The exposure to different temperatures alters the crack pattern of the different groups of coupons at failure. Moreover, at 300 °C, all types of specimens failed due to slippage of the fibers from the matrix.
In general, carbon and glass fibers are more resilient when exposed to a heated environment.
The grids’ architecture plays a significant role in overall performance, since the stitched-bond type deteriorates faster than the thermofixed type, affecting the bond between the mortar and the grid.
Future experimental projects are needed to investigate the interaction between different matrices, coating agents, and fiber grids—especially the ‘interlocking mechanism’ between the coated fibers and the surrounding mortars. Another aspect that needs additional examination is the prestress effect introduced by the glass fiber contraction.

Author Contributions

P.Y. and T.K. were responsible for the methodology, data curation, formal analysis, and writing of draft, review, and editing. Moreover, T.K. also administrated and supervised this project.
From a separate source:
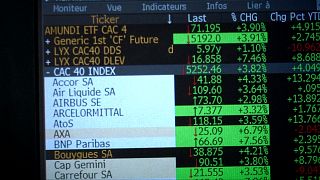 Borse euforiche per Macron, balzo Euro toglie pressione alla Bce sul Qe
All authors have read and agreed to the published version of the manuscript.

Funding

This research received no external funding.

Data Availability Statement

All data, models, and code generated or used during the study appear in the submitted article.

Acknowledgments

The experimental program was funded partially from the SURF Project and the RDF 16-02-30 from Xi’an Jiatong Liverpool University.

Conflicts of Interest

The authors declare no conflict of interest.

Nomenclature

The following symbols are used in this paper:
A n cross-sectional area of the yarns
n number of yarns
E 1 elastic modulus of specimen in uncracked phase
E 2 elastic modulus of TRM specimen in postcracked phase
f c , m compressive strength of mortar prisms
f c t m mean tensile strength of mortar prisms
f u , m flexural strength of mortar prisms
T o extrapolated onset temperature
σ 1 tensile stress of the TRM specimen at the first cracking point
σ 1 , m tensile cracking stress of the TRM matrix
σ u ultimate tensile strength of TRM specimen
ε 1 strain value of TRM specimen at the first cracking point
ε u strain value of TRM specimen at the ultimate tensile stress

Appendix A

The TGA analysis curves for the mortar and the three different fiber grids up to 1300 °C are presented in Figure A1 and Figure A2, respectively. The first point of interest is the onset temperature, which according to ASTM E2550 [62], is the ‘point in the TGA curve where a deflection is first observed from the established baseline prior to the thermal event.’ The temperature at which the weight loss begins is the extrapolated onset temperature. According to CSN EN ISO 11358-1 [63], the specific temperature can be defined as the point of intersection between the horizontal line that passes through the initial mass baseline before heating and the tangent to the mass TGA curve passing through the point of the maximum gradient. For the identification of the mass loss steps, the first derivative of the TG curve is used; the corresponding temperature is called the inflation point. The differential thermal analysis (DTA) curve gives information on potential transformations like glass transition temperatures or melting. The extrapolated onset temperature for the mortar was 80 °C, and the first mass loss step occurred at 125 °C; the second step occurred above 300 °C and therefore was out of the range of the present study. The respective extrapolated onset values for the basalt, carbon, and glass fibers were 275 °C and 365 °C, while the inflation points were 360 °C and 400 °C.
Figure A1. TGA analysis for the mortar (up to 1300 °C).
Figure A1. TGA analysis for the mortar (up to 1300 °C).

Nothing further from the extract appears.